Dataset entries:

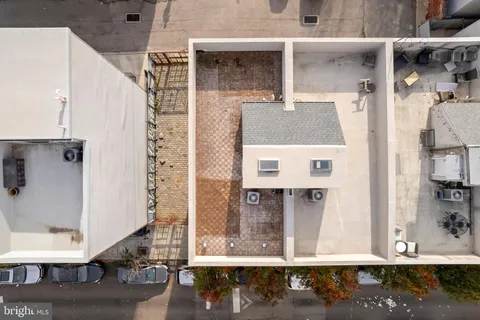 $649,000 | 140 Master Street, Philadelphia, PA 19122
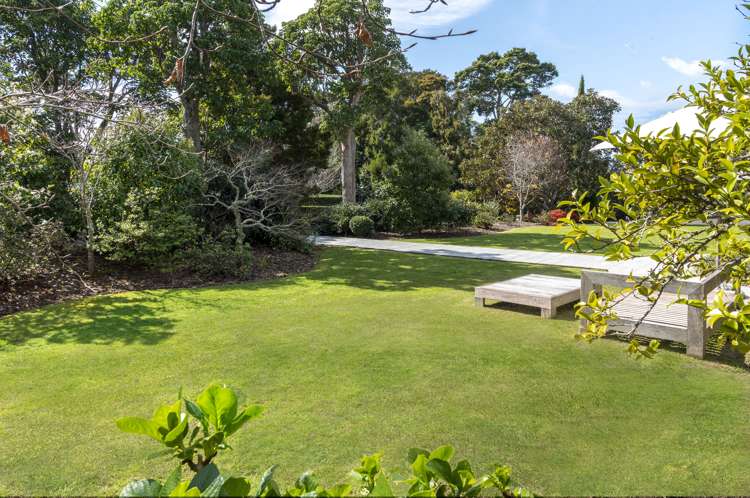 31 Seymour Road Mellons Bay_14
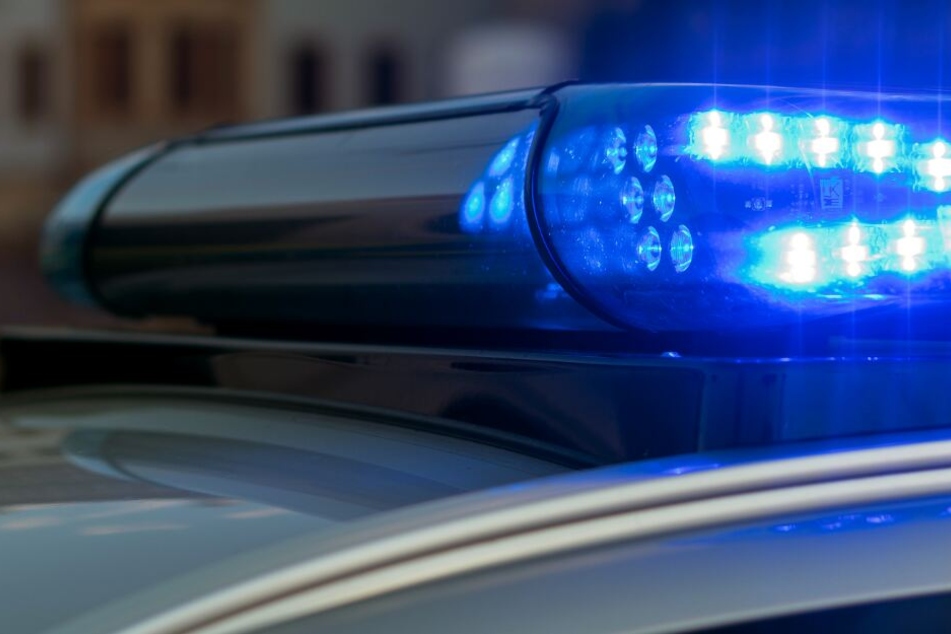 Die Polizei sucht die Unfallverursacher. (Symbolbild)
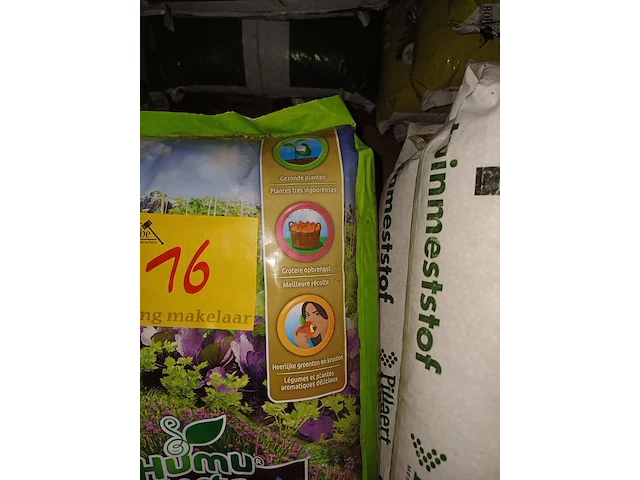 Lot 16 - humu forte meststof moestuin - 5 stuks - afbeelding 3 van  4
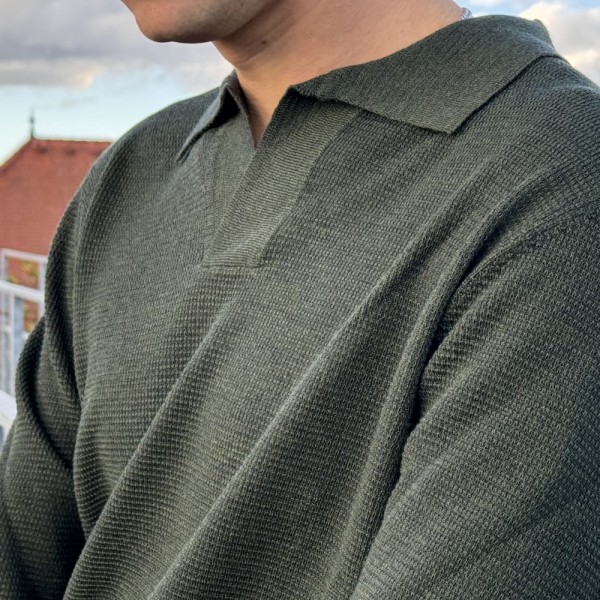 Leichter Wollpullover CLARK mit  Polo Kragen von JohnnyLove aus Norwegen.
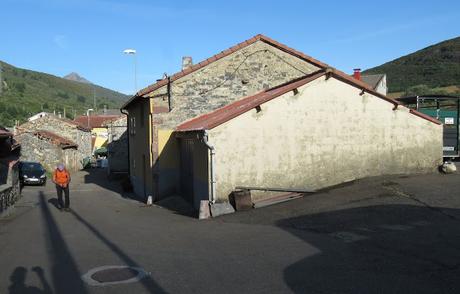 Isoba-Lago Isoba-Fortín de Alboleya-Vegafonda-Lago Ausente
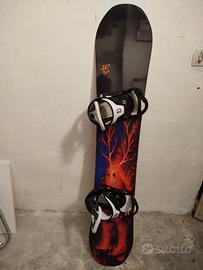 Tavola snowboard DC con attacchi Burton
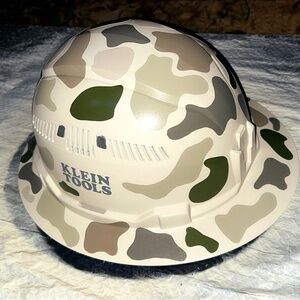 Klein Tools Duck Camo Hard hat with Rechargeable Light Class C Type 1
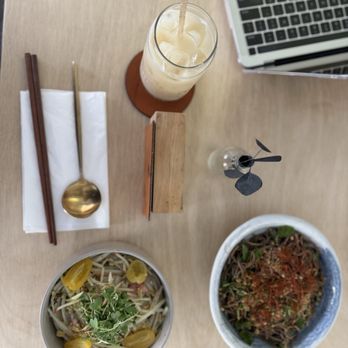 Steep - Green papaya salad, seafood soba noodles & freshly brewed oolong oat milk iced tea - Tea Rooms Near Me - Los Angeles, California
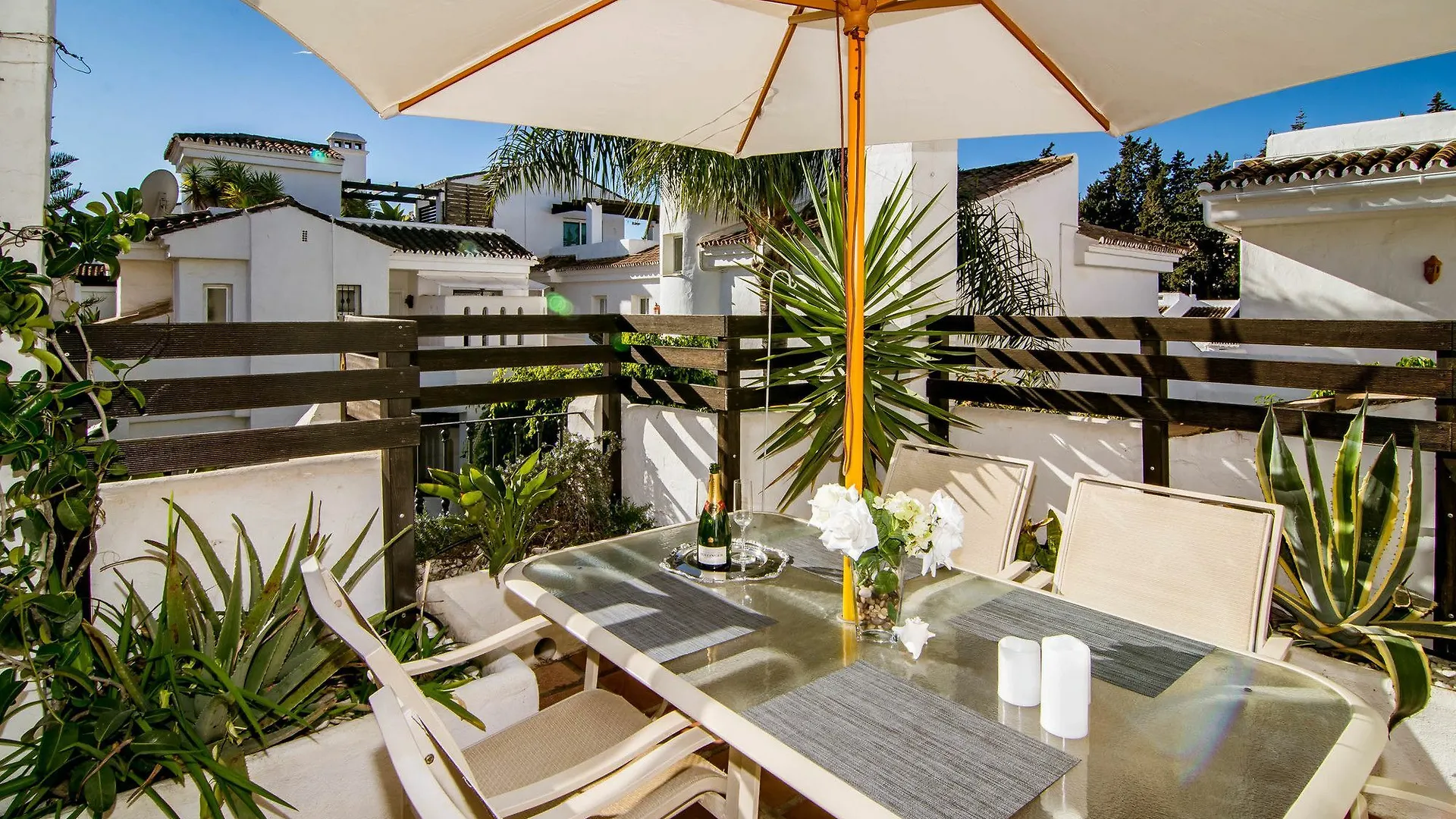 Lnm- Modern 2 Bedroom Penthouse P.Banus Marbella Apartament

== What the task requires ==
Only the lines from the one containing "Steep - Green" through the final line of the entries belong in the copy, both ends included. Pictures stay out.

== Problem solution ==
 Steep - Green papaya salad, seafood soba noodles & freshly brewed oolong oat milk iced tea - Tea Rooms Near Me - Los Angeles, California
 Lnm- Modern 2 Bedroom Penthouse P.Banus Marbella Apartament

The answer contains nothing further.